- **PROBLEM DESCRIPTION**:
Retype all entries exactly, skipping pictures.

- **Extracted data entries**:
-------------------------
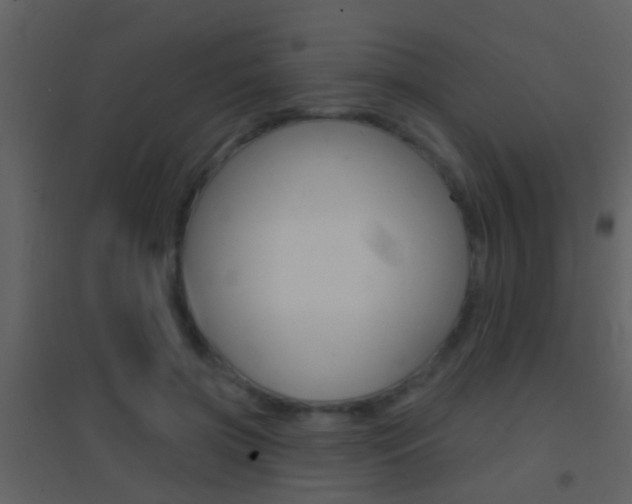 X0000095530549200712140936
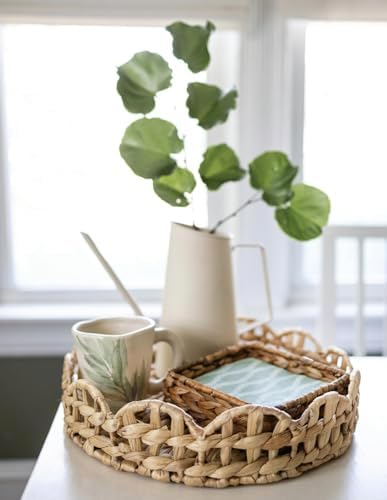 IHR Ideal Home Range Party Napkins Disposable 3-Ply Paper Lunch Napkin Pack, 6.5" x 6.5", Leaf And Stem (Green), 20-Count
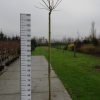 Acer pseudoplatanus 'Esk Sunset'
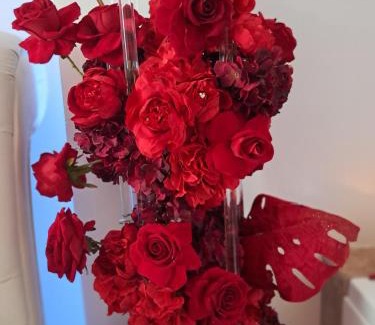 Le Luc Bed & Breakfast | La Suite Love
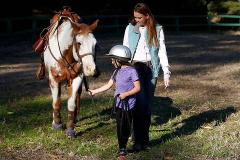 Leasing and Horse Ownership Class 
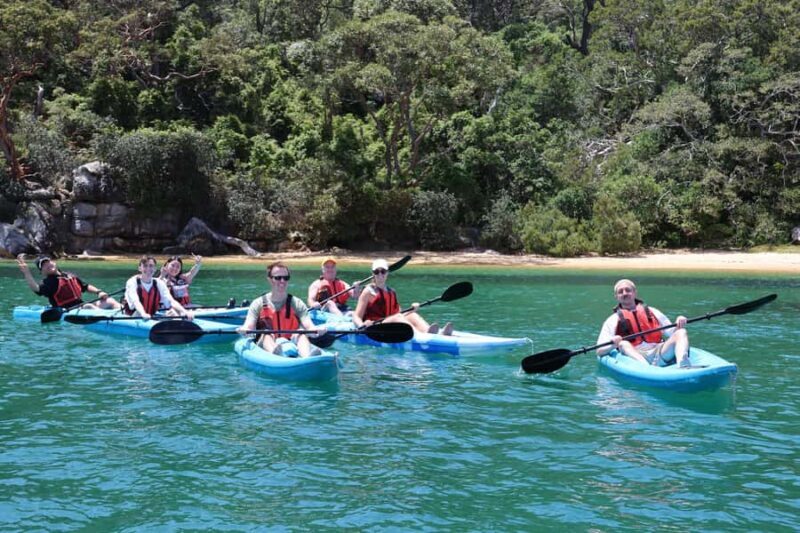 Sydney: Guided Kayak Tour of Manly Cove Beaches - What to Expect from the Tour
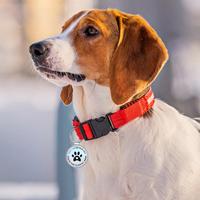 Ustom-collar de epoxi programable NFC para mascotas, etiqueta para mascotas con código QR para perros y gatos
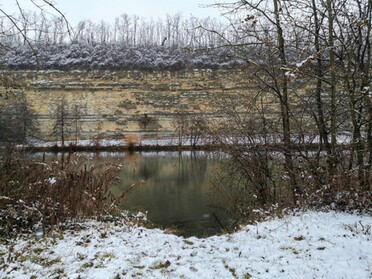 03.01.2021 - Roland Horn - Wasenblick auf den Prallhang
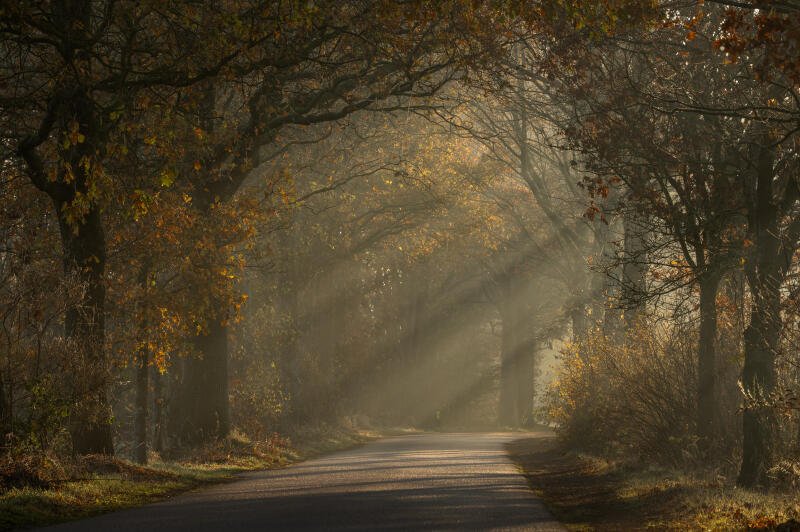 {{ 5K Ultra HD PC desktop wallpaper and background: autumn tree-lined path with sunbeams filtering through branches, golden light bathing a tranquil landscape. 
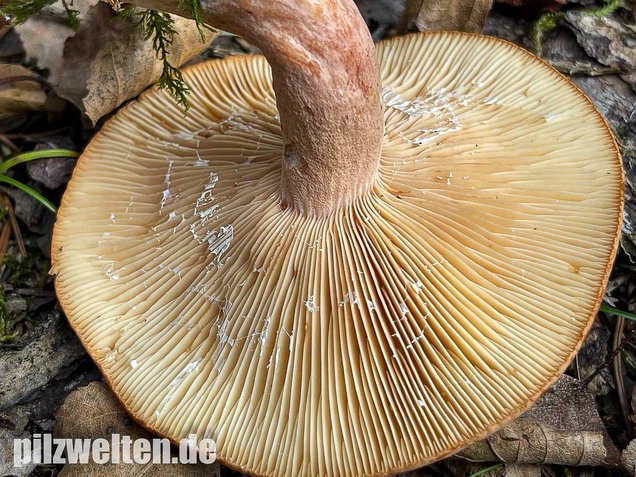 Rotbrauner Milchling, Lactarius rufus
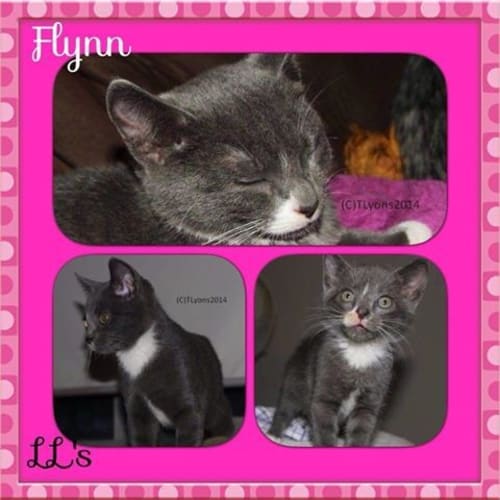 Flynn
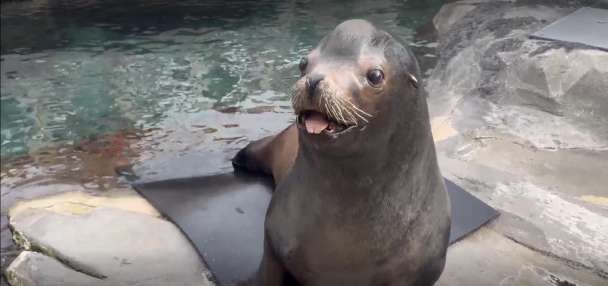 Diego the sea lion dies at Utah's Hogle Zoo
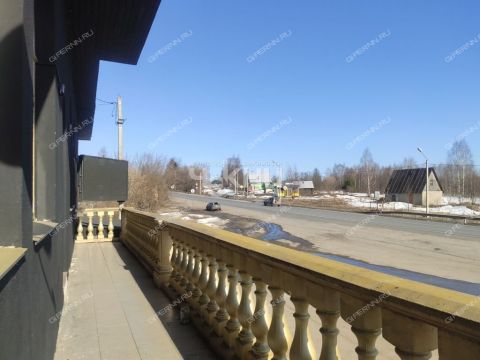 derevnya-maloe-chuhovo-gorodskoy-okrug-chkalovsk фото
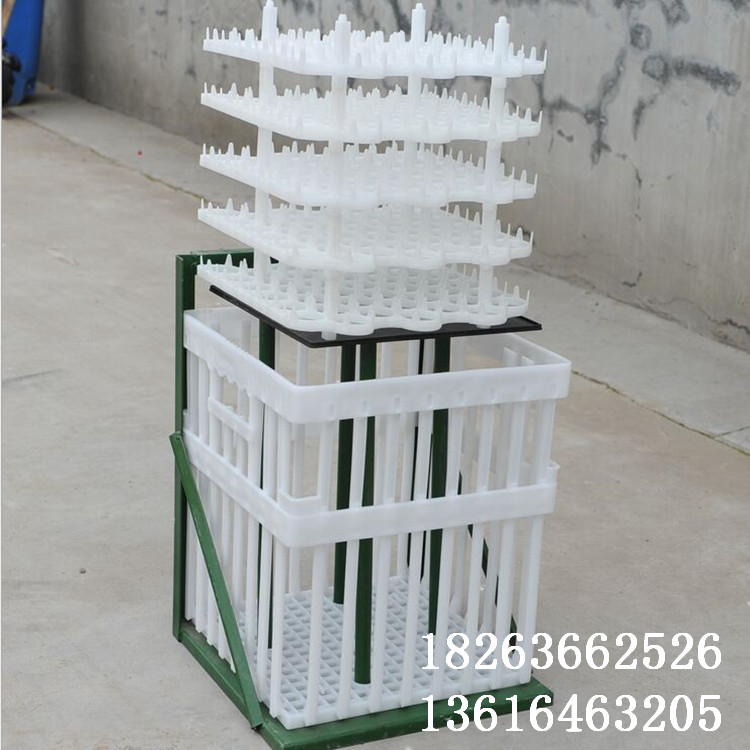 潍坊市36枚塑料种蛋运输筐厂家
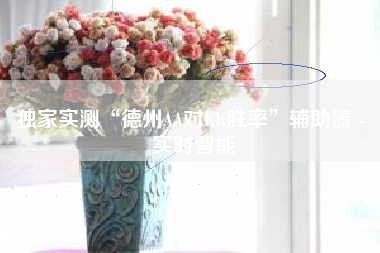 独家实测“德州AA对KK胜率”辅助器 - 实时智能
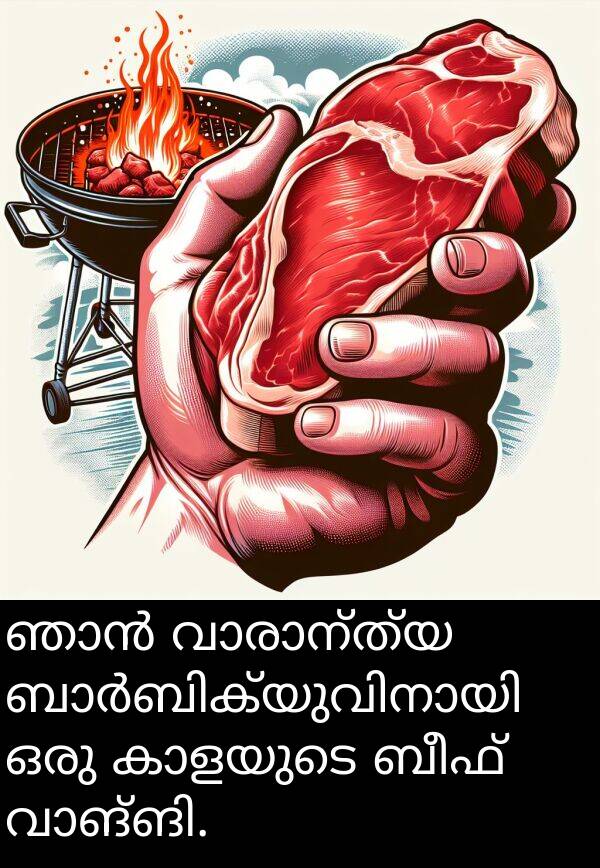 ബീഫ്: ഞാൻ വാരാന്ത്യ ബാർബിക്യുവിനായി ഒരു കാളയുടെ ബീഫ് വാങ്ങി.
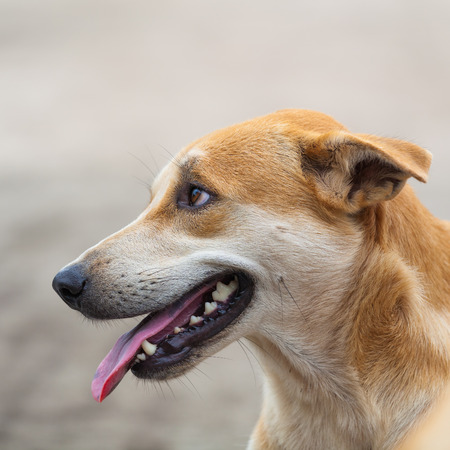Dog teethの写真素材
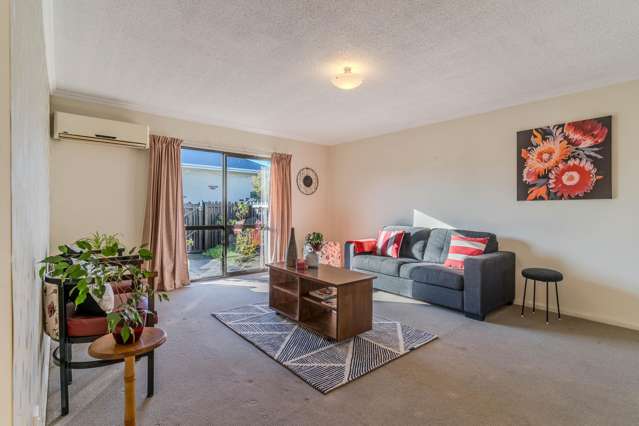 50e Oxford Street South Dunedin_2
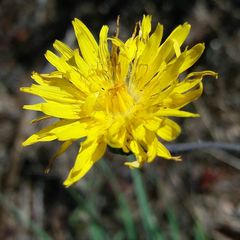 Reichardia intermedia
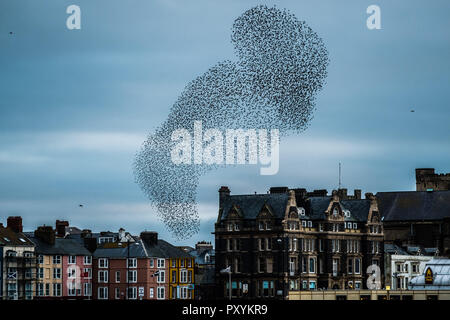 Aberystwyth Wales UK, Mercoledì 24 Ott 2018. Regno Unito Meteo: decine di migliaia di minuscoli storni eseguire elegante e incantevole antenna coreografico 'murmurations' nel cielo sopra Aberystwyth, prima piombando giù al posatoio per la notte della foresta di ghisa gambe al di sotto della città balneare di Victorian Pier. Aberystwyth è una delle poche aree urbane posatoi nel paese e attira gente da tutto il Regno Unito per testimoniare il notturno visualizza Photo credit: keith morris/Alamy Live News Foto Stock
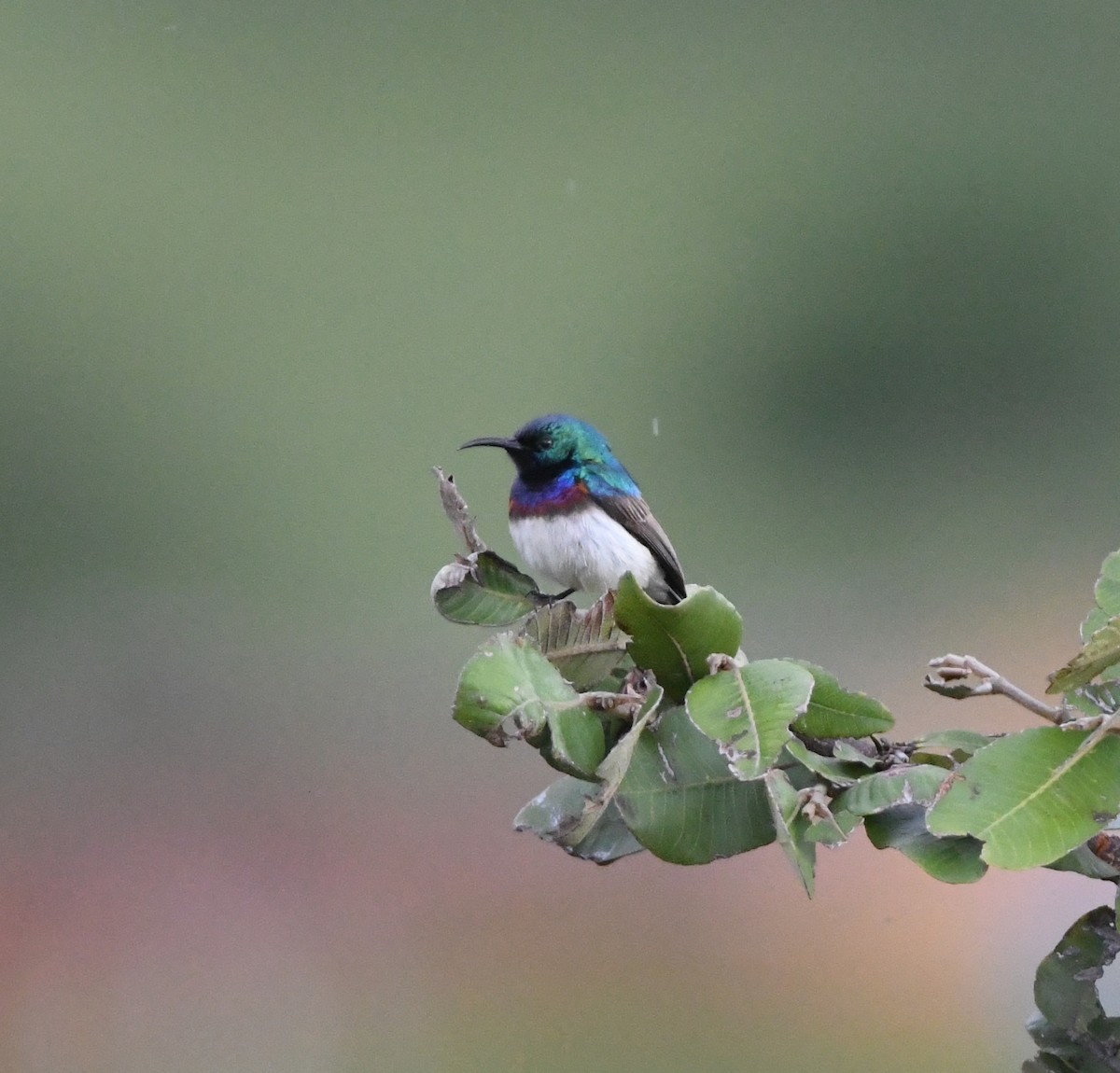 Oustalet's Sunbird (Angola) - ML621638427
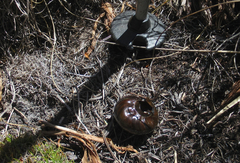 Powelliphanta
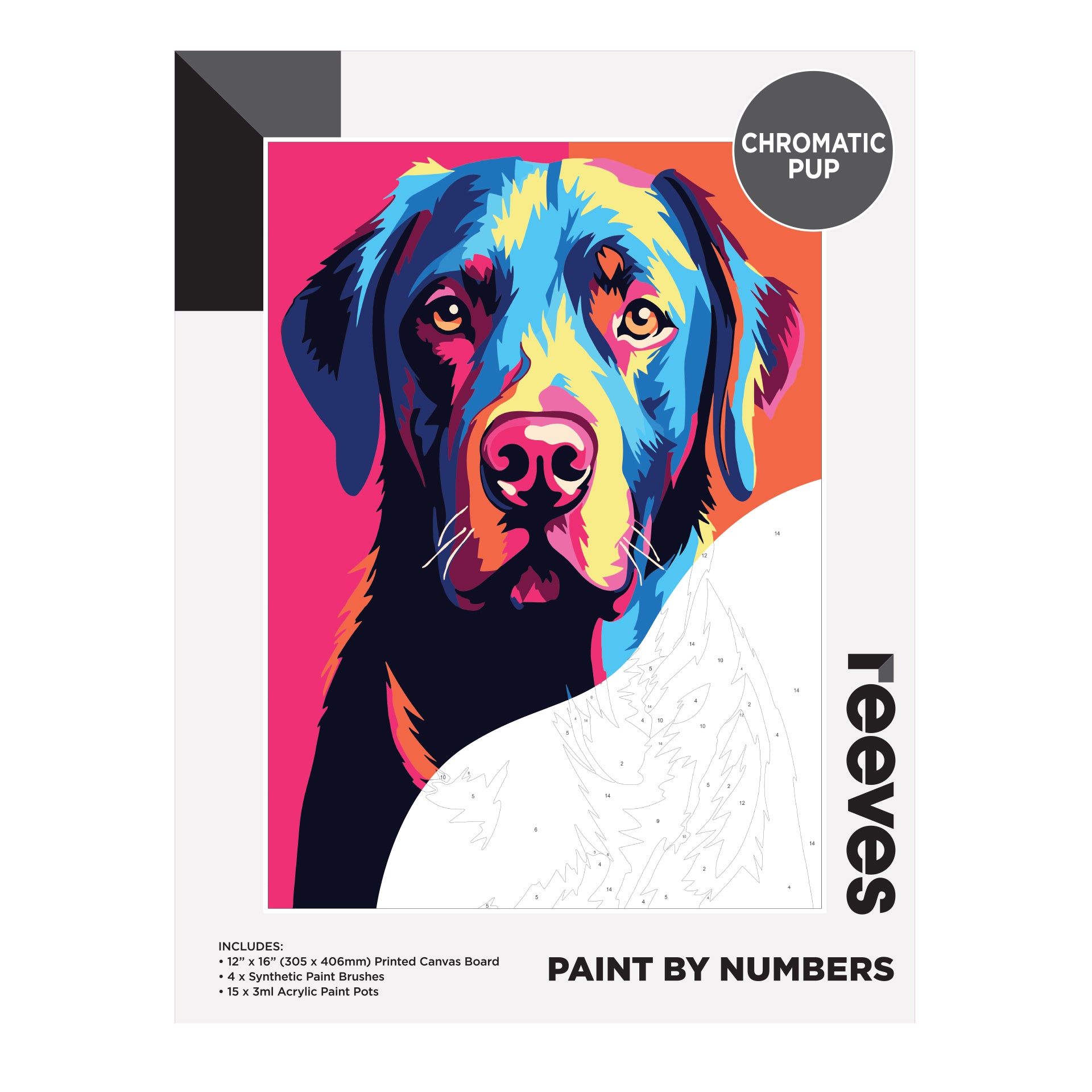 Reeves Paint by Numbers 12 x 16 in – Chromatic Pup
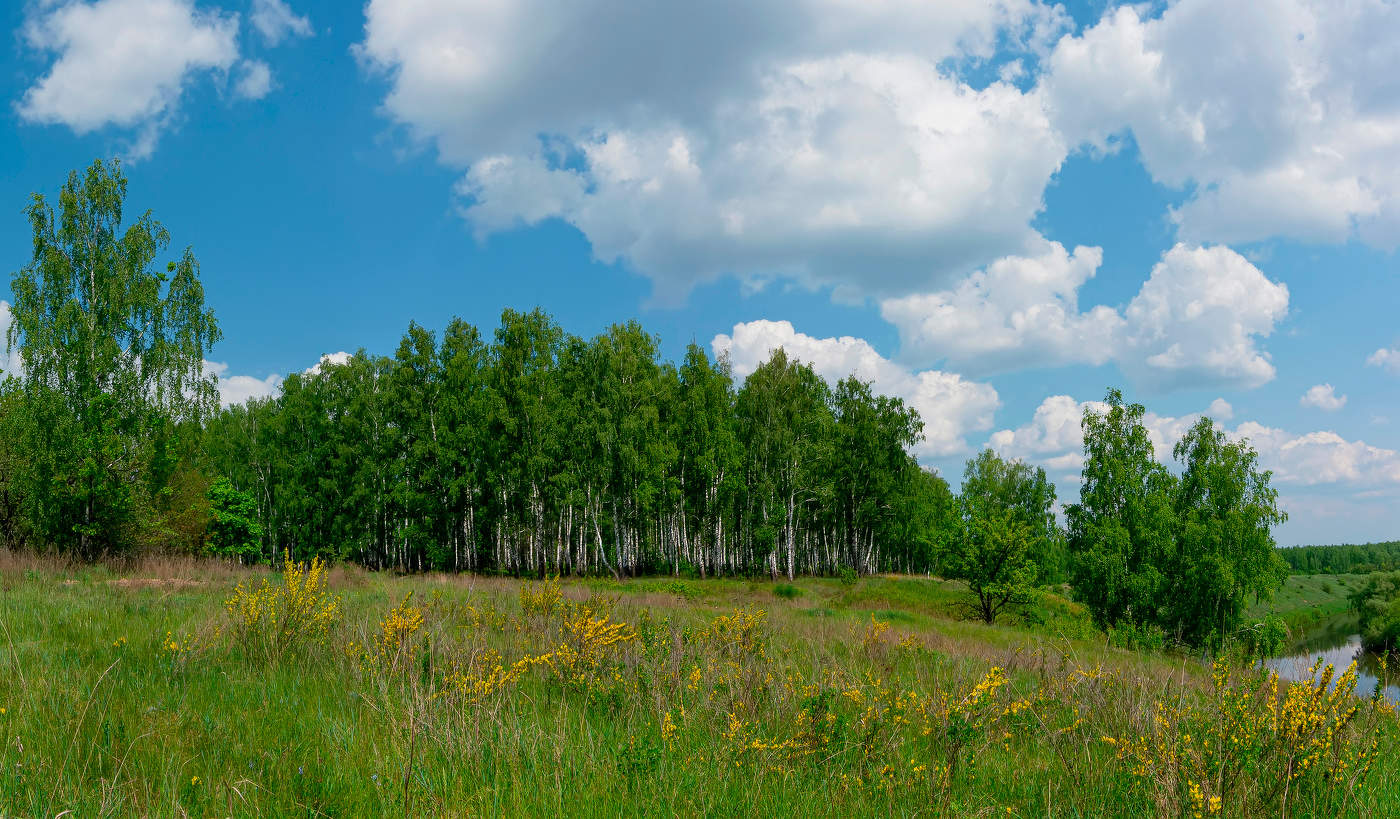 перед полуднем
-------------------------
- **OUTPUT**:
 X0000095530549200712140936
 IHR Ideal Home Range Party Napkins Disposable 3-Ply Paper Lunch Napkin Pack, 6.5" x 6.5", Leaf And Stem (Green), 20-Count
 Acer pseudoplatanus 'Esk Sunset'
 Le Luc Bed & Breakfast | La Suite Love
 Leasing and Horse Ownership Class 
 Sydney: Guided Kayak Tour of Manly Cove Beaches - What to Expect from the Tour
 Ustom-collar de epoxi programable NFC para mascotas, etiqueta para mascotas con código QR para perros y gatos
 03.01.2021 - Roland Horn - Wasenblick auf den Prallhang
 {{ 5K Ultra HD PC desktop wallpaper and background: autumn tree-lined path with sunbeams filtering through branches, golden light bathing a tranquil landscape. 
 Rotbrauner Milchling, Lactarius rufus
 Flynn
 Diego the sea lion dies at Utah's Hogle Zoo
 derevnya-maloe-chuhovo-gorodskoy-okrug-chkalovsk фото
 潍坊市36枚塑料种蛋运输筐厂家
 独家实测“德州AA对KK胜率”辅助器 - 实时智能
 ബീഫ്: ഞാൻ വാരാന്ത്യ ബാർബിക്യുവിനായി ഒരു കാളയുടെ ബീഫ് വാങ്ങി.
Dog teethの写真素材
 50e Oxford Street South Dunedin_2
 Reichardia intermedia
 Aberystwyth Wales UK, Mercoledì 24 Ott 2018. Regno Unito Meteo: decine di migliaia di minuscoli storni eseguire elegante e incantevole antenna coreografico 'murmurations' nel cielo sopra Aberystwyth, prima piombando giù al posatoio per la notte della foresta di ghisa gambe al di sotto della città balneare di Victorian Pier. Aberystwyth è una delle poche aree urbane posatoi nel paese e attira gente da tutto il Regno Unito per testimoniare il notturno visualizza Photo credit: keith morris/Alamy Live News Foto Stock
 Oustalet's Sunbird (Angola) - ML621638427
 Powelliphanta
 Reeves Paint by Numbers 12 x 16 in – Chromatic Pup
 перед полуднем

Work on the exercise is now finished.